Artroprotesi di ginocchio. Studio della Asl Roma 4 mostra i vantaggi della crioterapia

Artroprotesi di ginocchio. Studio della Asl Roma 4 mostra i vantaggi della crioterapia
Il lavoro dell’equipe ortopedica dell’Uoc Chirurgia Ortopedica diretta da Carmelo D’Arrigo dedicato alla crioterapia postoperatoria negli interventi di artroprotesi di ginocchio. Lo studio ha permesso di osservare che nei pazienti trattati con crioterapia c’è stato un uso nettamente inferiore di antinfiammatori e morfina con riduzione del dolore statisticamente significativi. I risultati dello studio presentati anche al congresso dell'American Accademy Orthopaedic Surgeons.

Nell’intento di migliorare i risultati ottenuti con sostituzione protesica di ginocchio per i pazienti, ricercatori della Uoc Chirurugia Ortopedica della Asl Roma 4, diretta da Carmelo D’Arrigo, coordinatore dell’Area Chirurgica, ha condotto un’analisi per valutare quale intervento potesse ridurre la componente dolorifica, l’edema e l’infiammazione che accompagnano il decorso postoperatorio di artroprotesi di ginocchio. 

“Abbiamo così ideato uno studio per valutare gli effetti della crioterapia su questi parametri. Tra luglio 2020 e luglio 2021 – spiega D’Arrigo – abbiamo portato avanti questo lavoro suddividendo 100 candidati ad artroprotesi di ginocchio in 2 gruppi: il primo gruppo aveva a disposizione la terapia antidolorifica classica con farmaci antinfiammatori non steroidei e morfina in caso di dolore forte che non risponde a terapia; il secondo gruppo oltre alla tradizionale terapia, seguiva uno schema di crioterapia postoperatoria secondo un protocollo standardizzato. Nei due gruppi abbiamo valutato il dolore, l’edema e il consumo di antinfiammatori non steroidei e di morfina nei 5 giorni postoperatori”.
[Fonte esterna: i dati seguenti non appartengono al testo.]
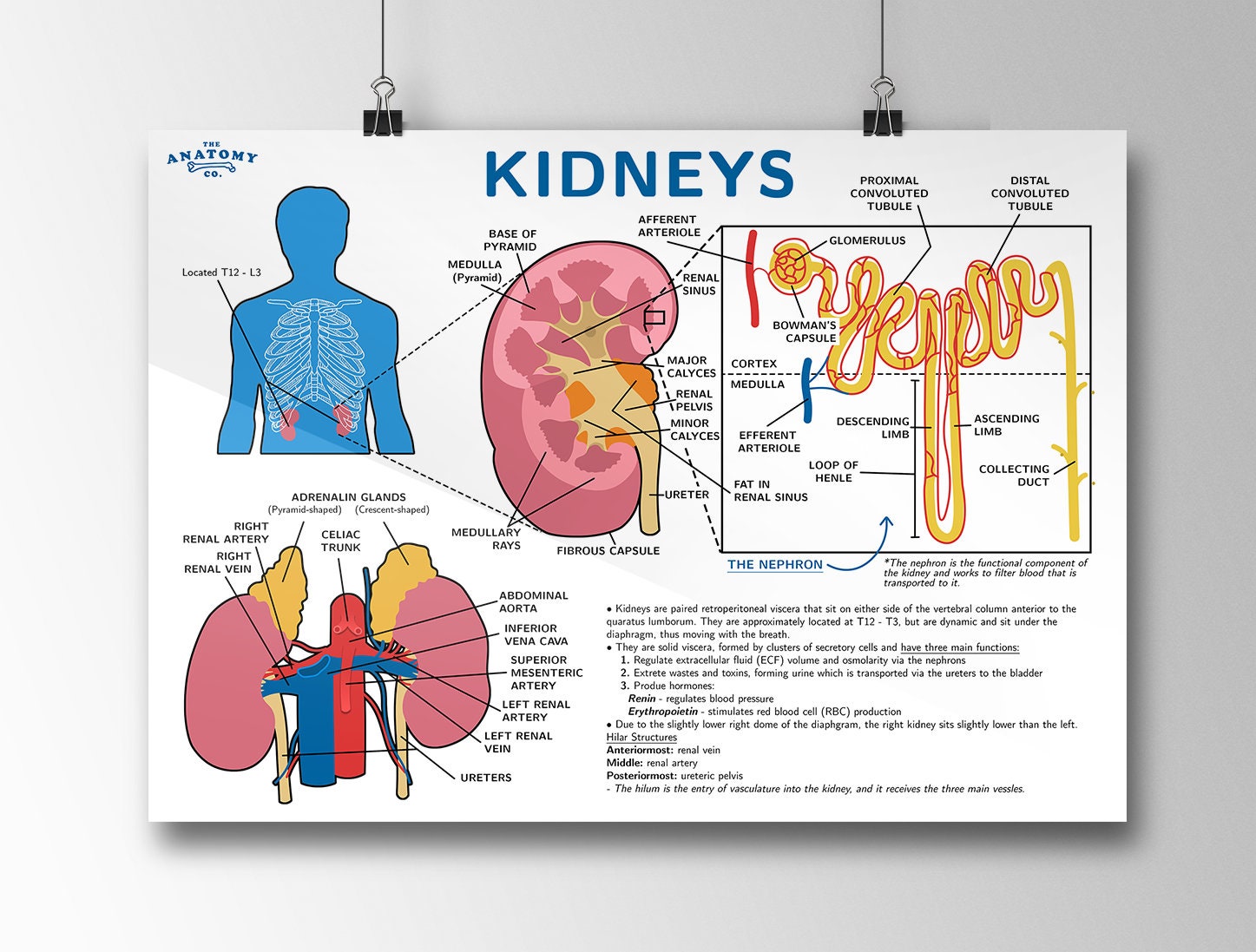 presentation on kidneys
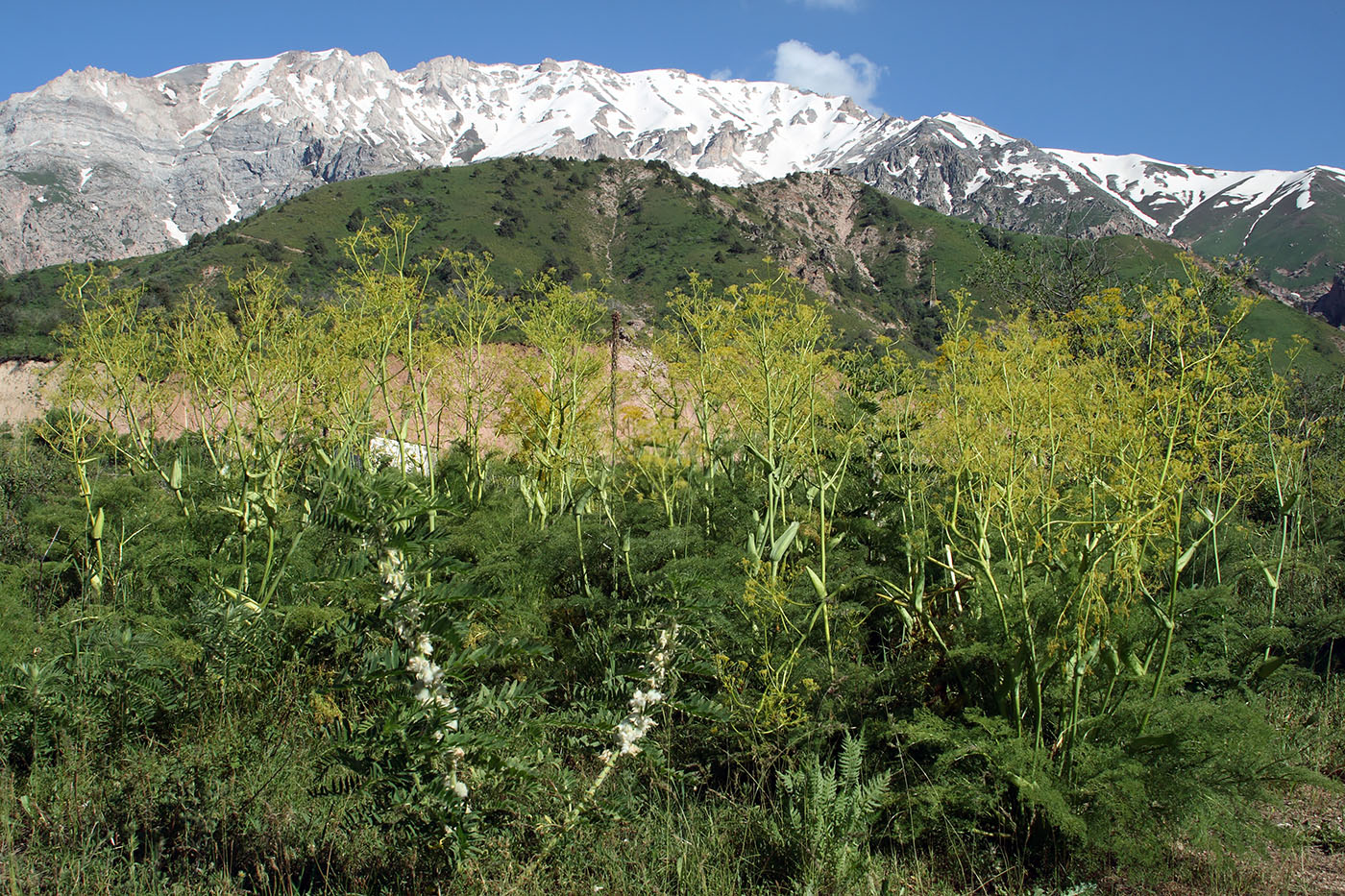 Image of Ferula prangifolia specimen.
Lo studio ha permesso di osservare che nel gruppo trattato con crioterapia si è riscontrato un uso nettamente inferiore di antinfiammatori e morfina con riduzione del dolore statisticamente significativi. Il trattamento con crioterapia non ha avuto effetti colletareli nè controindicazioni risultando efficace e sicuro per il paziente con una buona tollerabilità.

“Nell’ottica della riduzione del consumo di oppiacei e con sempre più pazienti che assumono politerapia – commenta D’Arrigo –  avere un trattamento efficace che migliori il dolore, l’infiammazione e l’edema postoperatorio senza interagire con I farmaci e senza presentare effetti avversi locali e generali, è un’arma molto utile nelle mani del chirurgo che voglia garantire I migliori risultati per I propri pazienti”.

Lo studio è stato presentato nell’ambito del Congresso dell’American Accademy Orthopaedic Surgeons svolto a Chicago ed “ha ricevuto apprezzamenti da parte di professionisti di rilievo internazionale, anche in considerazione del contesto di sanità pubblica nel quale il progetto è maturato e si è sviluppato”, riferisce il Direttore dell’Uoc di Chirurgia Ortopedica.